There’s a long-term cost to testing delays: Students who don’t read proficiently by third grade are four times more likely to drop out of high school than proficient readers are, according to a study by the Annie E. Casey Foundation. In Washington in 2017, 61% of fourth graders were not proficient in reading, according to the foundation. (The Casey Foundation is an Education Lab funder.)


Jackson, the director of English language arts for OSPI, says all kindergarten teachers assess their students’ skills during the first two months, and intervene when they are not making progress.

A diagnostic evaluation is “lengthy and exhausting,” she said, and most schools try simpler interventions first. The state superintendent’s office has also formed a working group to study whether additional screenings are necessary.

Other states take a different approach. A pilot project among eight districts in Pennsylvania uses simple, off-the-shelf tests to measure for reading weaknesses, and uses a structured literacy approach for those who need it.

Jones, with the UW, has witnessed another problem: A teacher who can’t control an unruly student may refer that student for testing just to get them out of the classroom.

Minority students are disproportionately likely to end up in separate special-education classrooms. And studies show that kids who are sent to those separate classrooms, rather than included in regular-education classrooms and given educational supports in the areas where they are weak, have much worse outcomes.

Phillips, who is African American, wonders how many kids of color are out there whose struggles in school really come from an undiagnosed learning disability.


In the Lake Washington district, the Vandells battled the perception that they weren’t doing enough at home.
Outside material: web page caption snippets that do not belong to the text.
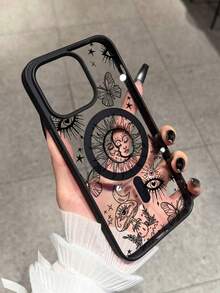1pc Creative Acrylic Personalized Pattern Magnetic Wireless Charging Shockproof Phone Case Compatible With IPhone 16 15 14 13 12 11 Pro Max Apple Protective Cover Transparent - Multicolor - View 5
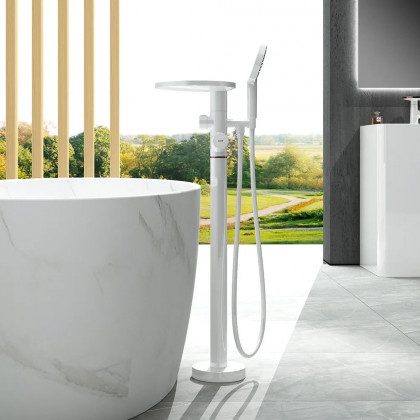HMR - Floor Mounted Tub Faucet with Handshower & Stone Top in White & Rose Gold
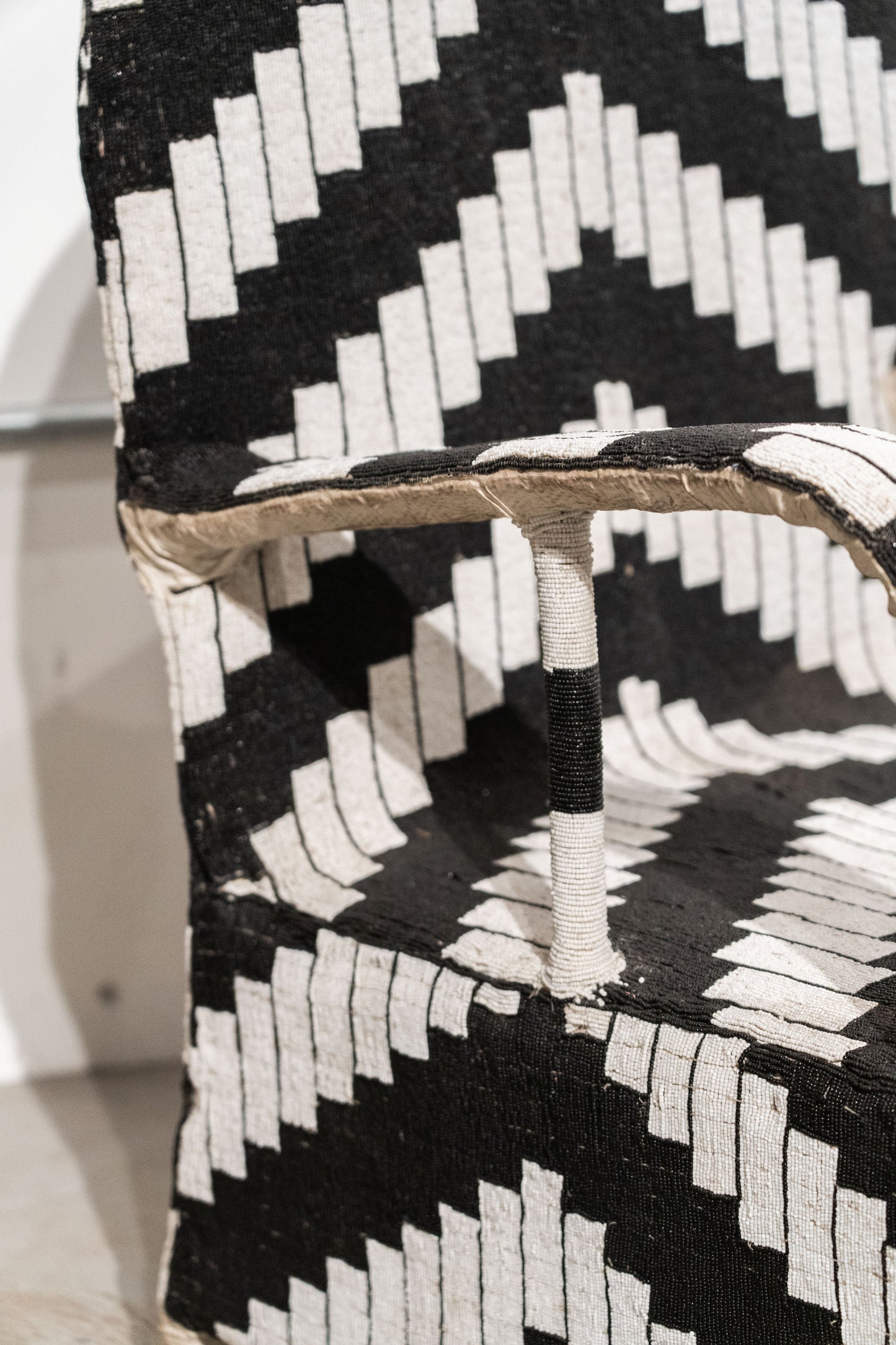 Yoruba Royal Beaded Chair Geometric Black and White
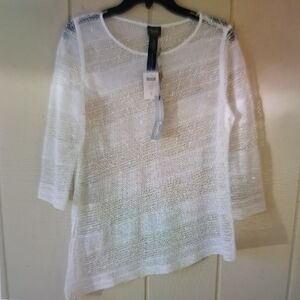 Nwt Chicos Travel Sierra White Sequin Asymmetrical Slit Hem Tunic Top Size 1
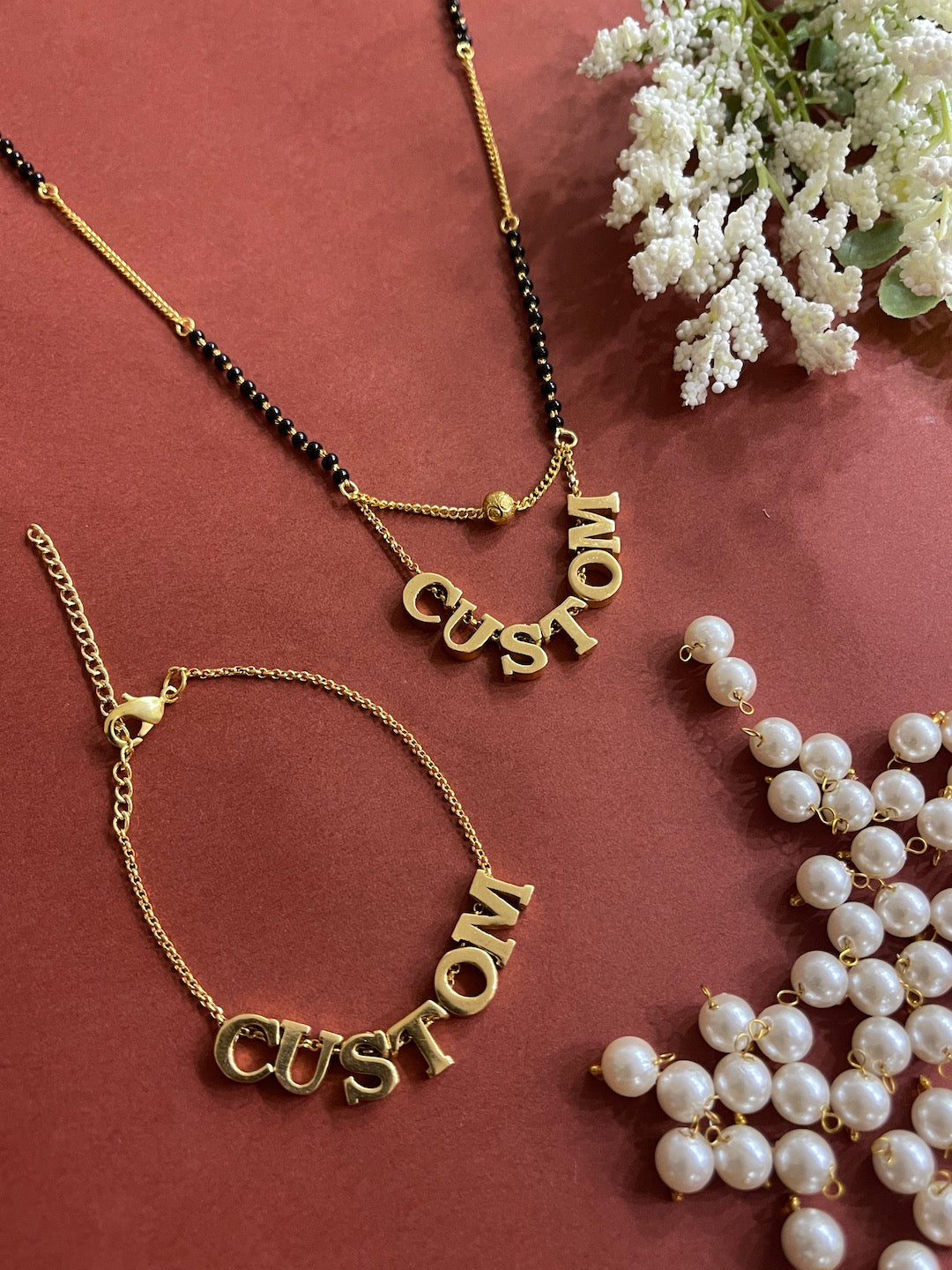 Couple Name Short Mangalsutra With Bracelet Combo Set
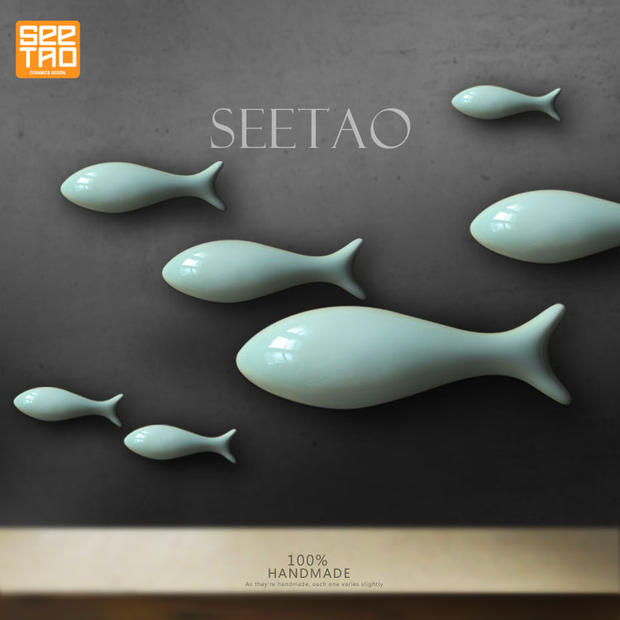 Buy Nine Soil Ceramic Fish Pendant Small Fish Wall Decoration Wall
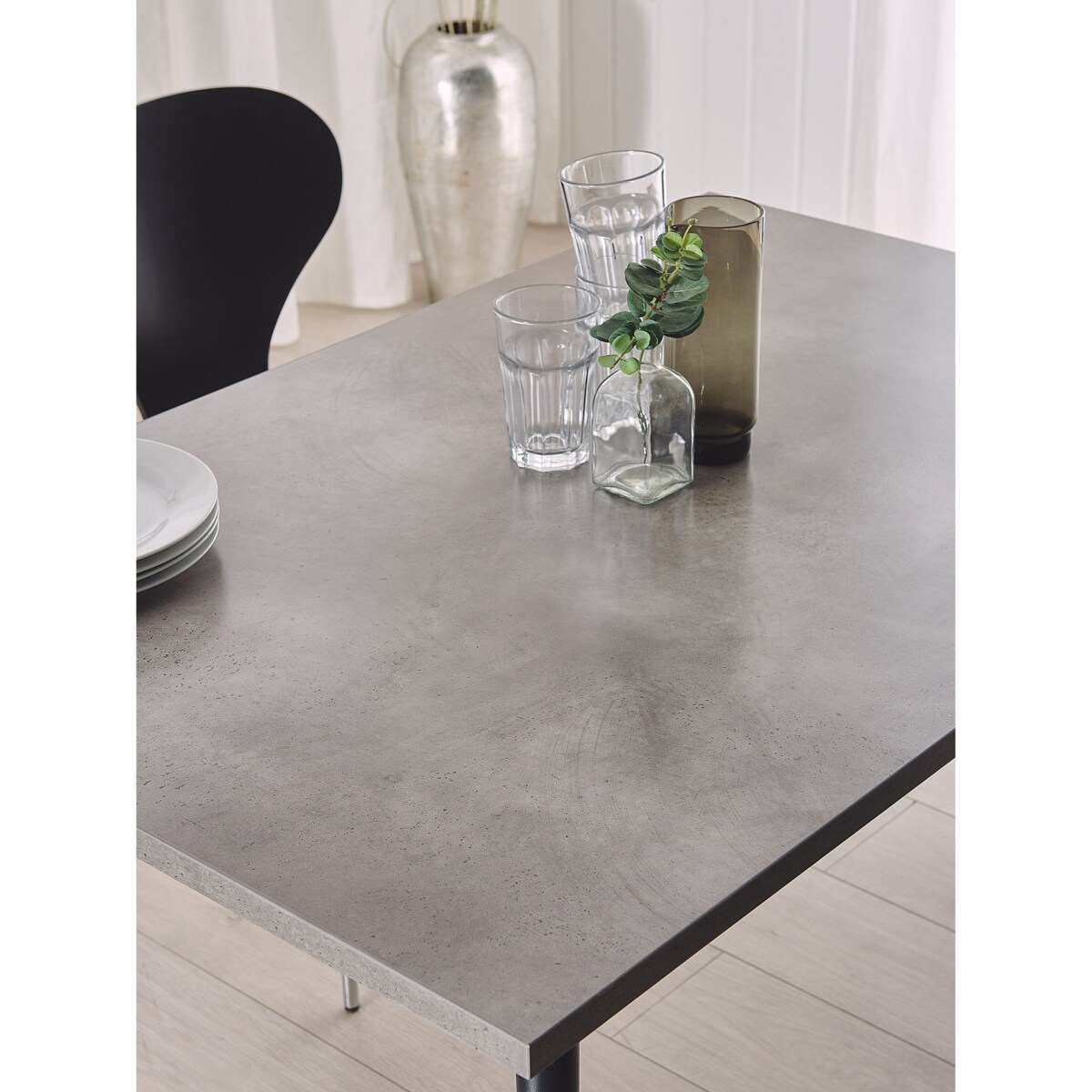 Stół do jadalni 120 x 80 cm imitacja betonu z czarnym SANTIAGO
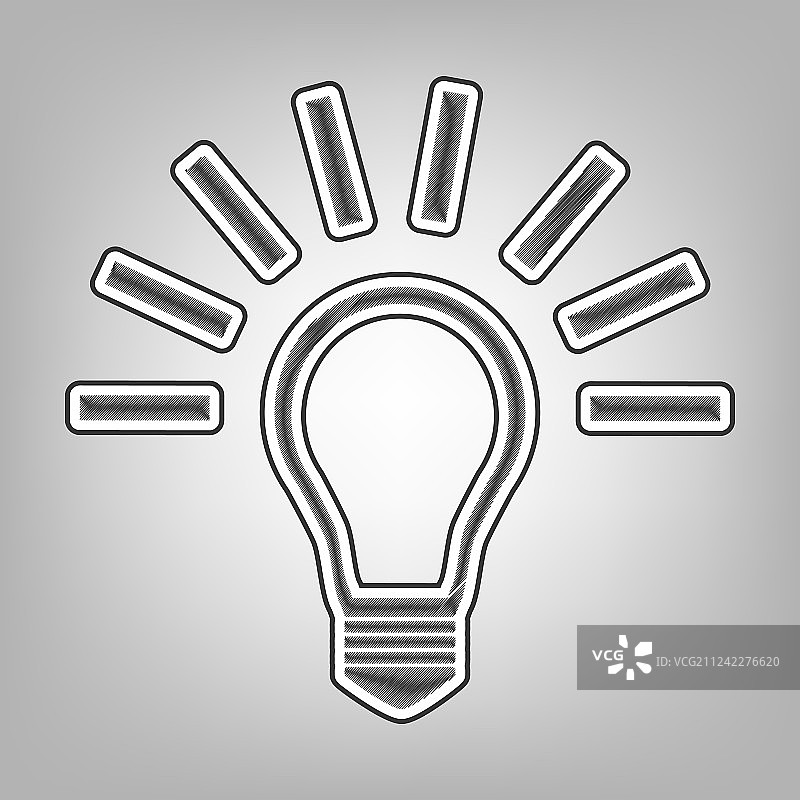 灯光招牌铅笔素描图片素材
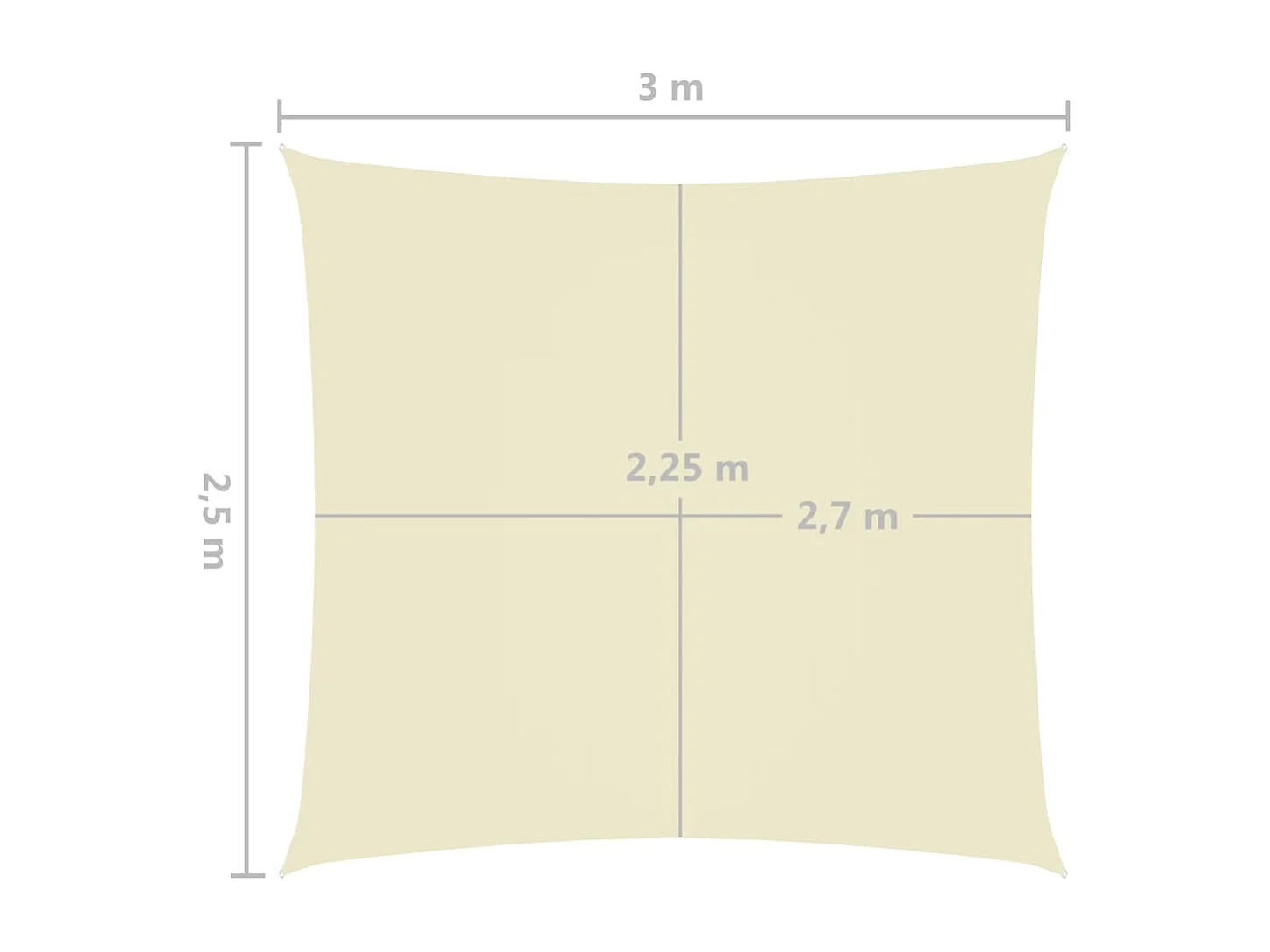 Voile toile d'ombrage parasol tissu crème 300 x 250 x 250 cm 02_0009551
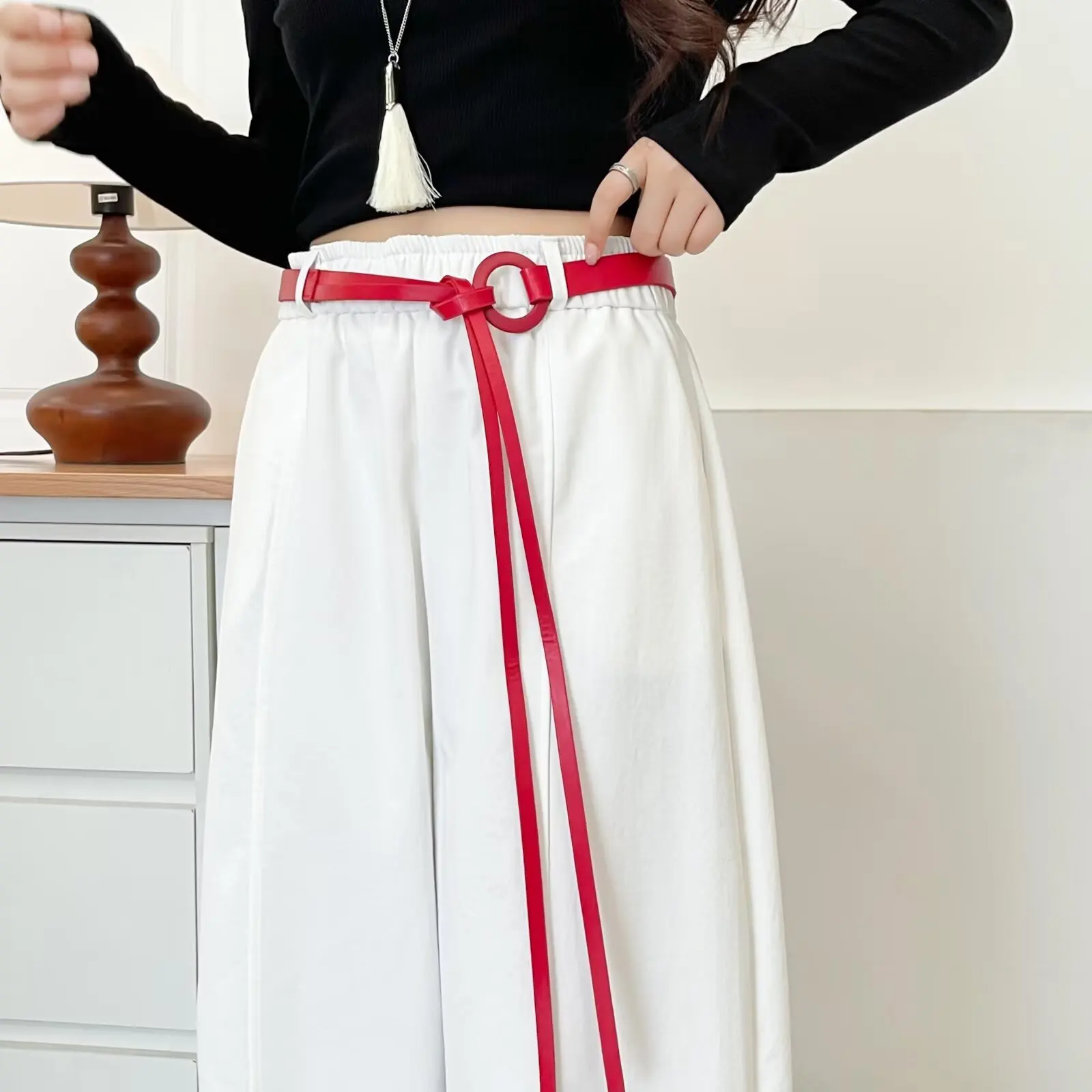 Plus Size Women's Wide Leg Pants 2025 Autumn New Style Stylish With Belt Solid Color Straight Trousers 2219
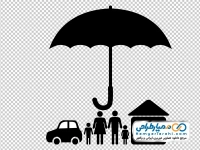 آیکون خانواده چهار نفره و چتر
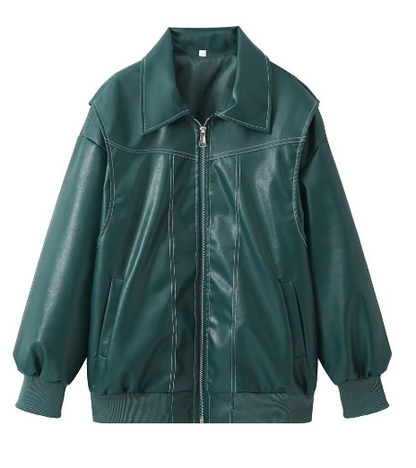 Dames Oversized Bomberjack van PU Leer met Ritssluiting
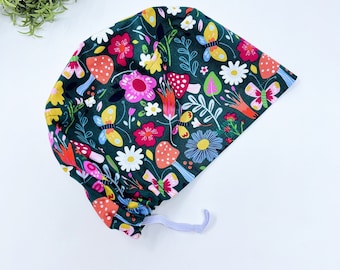 Floral Euro Scrub Cap for Women, Euro surgical hat with satin lined by Paradise Caps.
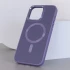 Кожаный чехол Bonbon с металлическими кнопками и MagSafe на Apple iPhone 15 (6.1") – Серый / Lavender. Фото 4 из 6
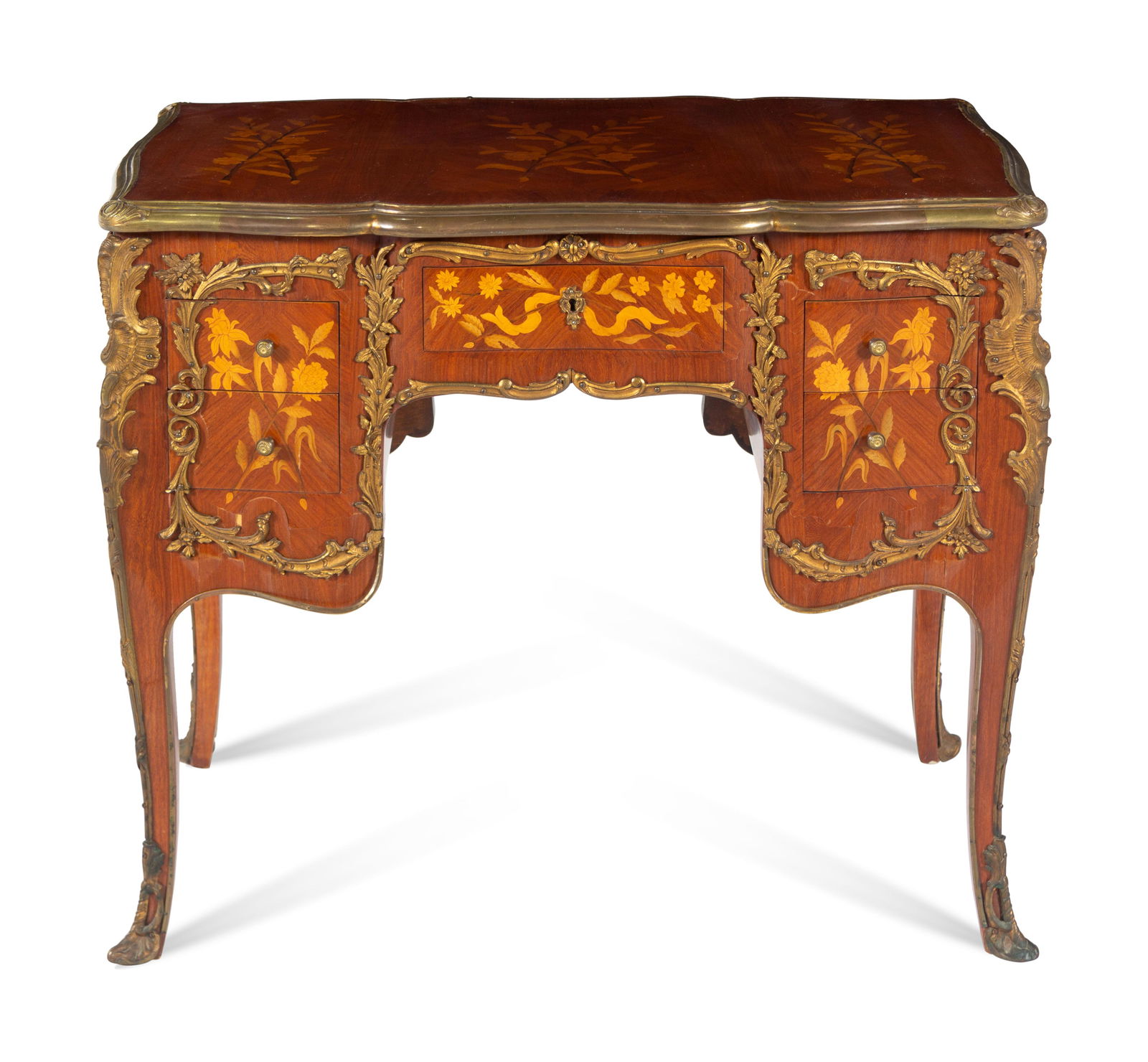 A Louis XV Style Gilt Bronze Mounted Marquetry Desk (1 of 3)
Teachers gently questioned Stacey’s parenting skills and asked her often if she read to the boys. “Every night,” she told them.

Their twins Jake and Ryan were born a few weeks prematurely, and at 1 year old were diagnosed with a “learning challenge of unknown origin.” The Vandells enrolled them in a number of special programs before school began, including Kindering, a neurodevelopmental center for children with special needs. Before kindergarten, Stacey met with the teacher and told her the twins were learning slowly.

Jake was diagnosed with both ADHD and dyslexia, and the school wanted him to go on medication. The Vandells agreed to a two-week trial but pulled him off the drug after he lost four pounds.

Is Washington an outlier?

It’s hard to quantify how many Washington public-school parents are unhappy with their children’s special-education services. But educational testing is at the heart of many complaints.

The state’s special-education numbers are dismal. More than one-third of students who receive special-education services dropped out of school during the 2014-2015 academic year, according to a report from the federal Department of Education — giving Washington the country’s third-highest rate at the time.

In 2018, Washington passed a law requiring each district to use screening tools, beginning in fall 2021, to identify children who display indications of dyslexia in kindergarten through second grade.


And this year, the state Legislature passed a bill to boost special-education funding by $155 million, although lawmakers didn’t pass many of the policy reforms that parents and advocates fought for, including more family involvement in special-education placements.

But change is coming too slowly for Dellenbaugh, Vandell and Phillips. They transferred their children to private schools, at their own expense.

Both Vandell and Phillips transferred their boys to Hamlin Robinson, a Seattle private school. Jake and Ryan are reading at grade level; Jayden is one grade level behind.

Phillips’ three other children remain in Federal Way schools, but her experience with Jayden prompted her to apply for a vacant seat on the Federal Way School Board. She was appointed in 2018.

The Dellenbaughs transferred Creede to Cedar Park Christian in Bothell, and also paid for private reading instruction. He’s nearly reading at grade level, and his parents say he’s made a remarkable turnaround.

He no longer refuses to go to school.

This is the first of a two-part series on learning disabilities in Washington state.